HC - 2211 - Sessão: 02/06/2016 às 17:00

RELATÓRIO

Trata-se de habeas corpus preventivo, com pedido de liminar, impetrado em favor de JAIRO ROBERTO COSTA KERSTING contra ato da Juíza Eleitoral da 133ª Zonal Eleitoral de Triunfo.

Sustenta o impetrante a ocorrência de litispendência entre a AP n. 8-50 e a AP 20-64, ambas em trâmite no Juízo da 133ª Zona Eleitoral, as quais tratariam do mesmo fato delituoso. Aduz, ainda, atipicidade da conduta, pois o tipo penal do art. 299 do Código Eleitoral não abrangeria a negociação visando à obtenção de apoio político. Requer a concessão de liminar para cancelar a audiência para oferta de suspensão condicional do processo, aprazada para o dia 15.03.2016, bem como a suspensão do andamento da AP 8-50 e, ao final, a concessão da ordem, determinado-se o trancamento da referida ação penal (fls. 02-17).

A liminar foi deferida (fls. 193/194).

As informações foram prestadas pela autoridade apontada como coatora (fls. 200-201).

A Procuradoria Regional Eleitoral manifestou-se pela denegação da ordem (fls. 229-232).

É o relatório.

VOTO

Não vislumbro, entre as ações penais, a identidade de imputações hábil a caracterizar a litispendência.

Com efeito, na AP 8-50 o impetrante foi denunciado por oferecer e dar para os eleitores Jeferson da Silva Souza, Paulo Rogério de Souza e Maria Celoi Ferreira de Souza, cargos em comissão, a fim de obter-lhes “apoio político” (fls. 19-22).

Por sua vez, a denúncia ofertada na AP 20-64 descreve cinco condutas imputadas ao impetrante, sempre visando à obtenção de votos, quais sejam: o 8º fato, consistente em prometer e dar para o eleitor João Carlos dos Santos Nobre o pagamento de uma conta de água; o 12º fato, consistente em prometer e dar para a eleitora Jeci da Silva materiais e serviços para construção de um muro; o 26º fato, consistente em oferecer ao eleitor Luiz Carlos Alves de Abreu vantagens indeterminadas; o 47º fato, consistente em prometer e dar à eleitora Luci Teresinha Silva Azeredo o valor de R$ 150,00 e, finalmente, o 62º fato, consistente em prometer um emprego e dar o valor de R$ 1.500,00 para o eleitor Adão Ricardo Lopes (fls. 53-158).

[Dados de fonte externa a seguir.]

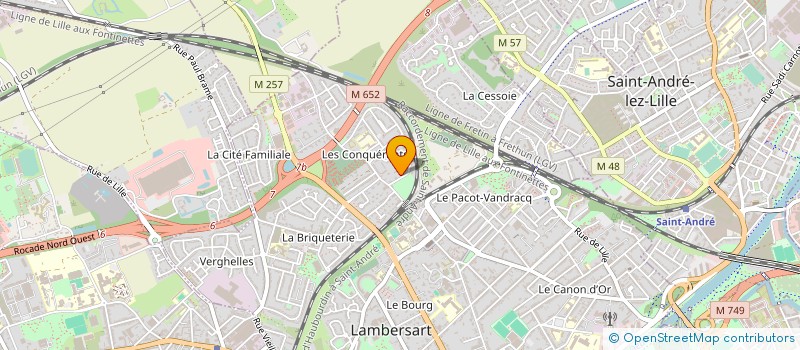 localisation de l'entreprise SOCIETE FRANCAISE DE GERODONTOLOGIE à LAMBERSART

Dessa forma, conclui-se que não há identidade de imputações entre as ações penais. Os delitos descritos em cada denúncia, conquanto incidentes sobre o mesmo tipo penal (art. 299 do CE), guardam aspectos próprios de tempo, de meios e de modos de execução. Igualmente distintos são os eleitores envolvidos nas promessas ou dádivas utilizadas no pretenso comércio eleitoral.

Ainda nesse ponto, na estreita análise cabível em sede de habeas corpus, igualmente não se evidencia a ocorrência de qualquer das hipóteses de conexão (arts. 77, incs. I a III, do CPP), pois cada ação penal trata de delitos autônomos e independentes, realizados em contextos diferentes, com aspectos probatórios próprios a serem enfrentados no curso processual.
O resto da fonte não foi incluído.